▶ [TRY IT]
For each entry below, output it exactly as it stands.

▶ [SOURCE MATERIAL]
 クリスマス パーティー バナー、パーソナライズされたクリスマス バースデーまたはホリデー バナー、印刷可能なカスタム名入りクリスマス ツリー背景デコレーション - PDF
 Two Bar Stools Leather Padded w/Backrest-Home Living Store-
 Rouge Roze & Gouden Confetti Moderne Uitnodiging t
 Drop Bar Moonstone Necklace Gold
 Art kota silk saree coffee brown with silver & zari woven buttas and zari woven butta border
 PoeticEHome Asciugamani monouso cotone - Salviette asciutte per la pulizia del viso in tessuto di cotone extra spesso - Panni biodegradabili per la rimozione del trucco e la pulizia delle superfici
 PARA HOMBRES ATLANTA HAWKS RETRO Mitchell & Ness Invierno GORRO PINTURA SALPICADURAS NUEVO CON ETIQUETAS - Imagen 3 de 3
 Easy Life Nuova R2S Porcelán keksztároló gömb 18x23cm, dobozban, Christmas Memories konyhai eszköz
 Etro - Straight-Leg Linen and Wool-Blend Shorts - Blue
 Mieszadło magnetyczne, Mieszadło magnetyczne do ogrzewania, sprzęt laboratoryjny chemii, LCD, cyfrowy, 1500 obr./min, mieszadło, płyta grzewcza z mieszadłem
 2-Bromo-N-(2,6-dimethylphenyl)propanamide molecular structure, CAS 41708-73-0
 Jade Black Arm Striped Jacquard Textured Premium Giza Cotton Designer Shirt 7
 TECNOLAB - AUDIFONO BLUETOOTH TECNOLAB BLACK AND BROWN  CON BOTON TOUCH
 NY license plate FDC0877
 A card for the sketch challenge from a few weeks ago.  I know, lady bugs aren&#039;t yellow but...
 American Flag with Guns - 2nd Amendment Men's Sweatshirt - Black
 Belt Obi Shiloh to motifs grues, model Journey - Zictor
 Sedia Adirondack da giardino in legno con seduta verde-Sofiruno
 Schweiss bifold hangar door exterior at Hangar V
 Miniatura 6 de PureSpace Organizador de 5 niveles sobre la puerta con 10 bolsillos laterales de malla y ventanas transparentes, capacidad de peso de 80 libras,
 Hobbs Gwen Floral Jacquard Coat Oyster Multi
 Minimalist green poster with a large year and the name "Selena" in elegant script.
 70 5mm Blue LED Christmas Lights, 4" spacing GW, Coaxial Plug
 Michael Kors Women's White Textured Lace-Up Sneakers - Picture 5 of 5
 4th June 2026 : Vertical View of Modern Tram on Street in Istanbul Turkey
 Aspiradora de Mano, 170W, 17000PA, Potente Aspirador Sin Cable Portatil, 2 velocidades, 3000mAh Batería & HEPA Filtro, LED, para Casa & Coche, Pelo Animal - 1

▶ [ANSWER TO THIS PROBLEM]
 クリスマス パーティー バナー、パーソナライズされたクリスマス バースデーまたはホリデー バナー、印刷可能なカスタム名入りクリスマス ツリー背景デコレーション - PDF
 Two Bar Stools Leather Padded w/Backrest-Home Living Store-
 Rouge Roze & Gouden Confetti Moderne Uitnodiging t
 Drop Bar Moonstone Necklace Gold
 Art kota silk saree coffee brown with silver & zari woven buttas and zari woven butta border
 PoeticEHome Asciugamani monouso cotone - Salviette asciutte per la pulizia del viso in tessuto di cotone extra spesso - Panni biodegradabili per la rimozione del trucco e la pulizia delle superfici
 PARA HOMBRES ATLANTA HAWKS RETRO Mitchell & Ness Invierno GORRO PINTURA SALPICADURAS NUEVO CON ETIQUETAS - Imagen 3 de 3
 Easy Life Nuova R2S Porcelán keksztároló gömb 18x23cm, dobozban, Christmas Memories konyhai eszköz
 Etro - Straight-Leg Linen and Wool-Blend Shorts - Blue
 Mieszadło magnetyczne, Mieszadło magnetyczne do ogrzewania, sprzęt laboratoryjny chemii, LCD, cyfrowy, 1500 obr./min, mieszadło, płyta grzewcza z mieszadłem
 2-Bromo-N-(2,6-dimethylphenyl)propanamide molecular structure, CAS 41708-73-0
 Jade Black Arm Striped Jacquard Textured Premium Giza Cotton Designer Shirt 7
 TECNOLAB - AUDIFONO BLUETOOTH TECNOLAB BLACK AND BROWN  CON BOTON TOUCH
 NY license plate FDC0877
 A card for the sketch challenge from a few weeks ago.  I know, lady bugs aren&#039;t yellow but...
 American Flag with Guns - 2nd Amendment Men's Sweatshirt - Black
 Belt Obi Shiloh to motifs grues, model Journey - Zictor
 Sedia Adirondack da giardino in legno con seduta verde-Sofiruno
 Schweiss bifold hangar door exterior at Hangar V
 Miniatura 6 de PureSpace Organizador de 5 niveles sobre la puerta con 10 bolsillos laterales de malla y ventanas transparentes, capacidad de peso de 80 libras,
 Hobbs Gwen Floral Jacquard Coat Oyster Multi
 Minimalist green poster with a large year and the name "Selena" in elegant script.
 70 5mm Blue LED Christmas Lights, 4" spacing GW, Coaxial Plug
 Michael Kors Women's White Textured Lace-Up Sneakers - Picture 5 of 5
 4th June 2026 : Vertical View of Modern Tram on Street in Istanbul Turkey
 Aspiradora de Mano, 170W, 17000PA, Potente Aspirador Sin Cable Portatil, 2 velocidades, 3000mAh Batería & HEPA Filtro, LED, para Casa & Coche, Pelo Animal - 1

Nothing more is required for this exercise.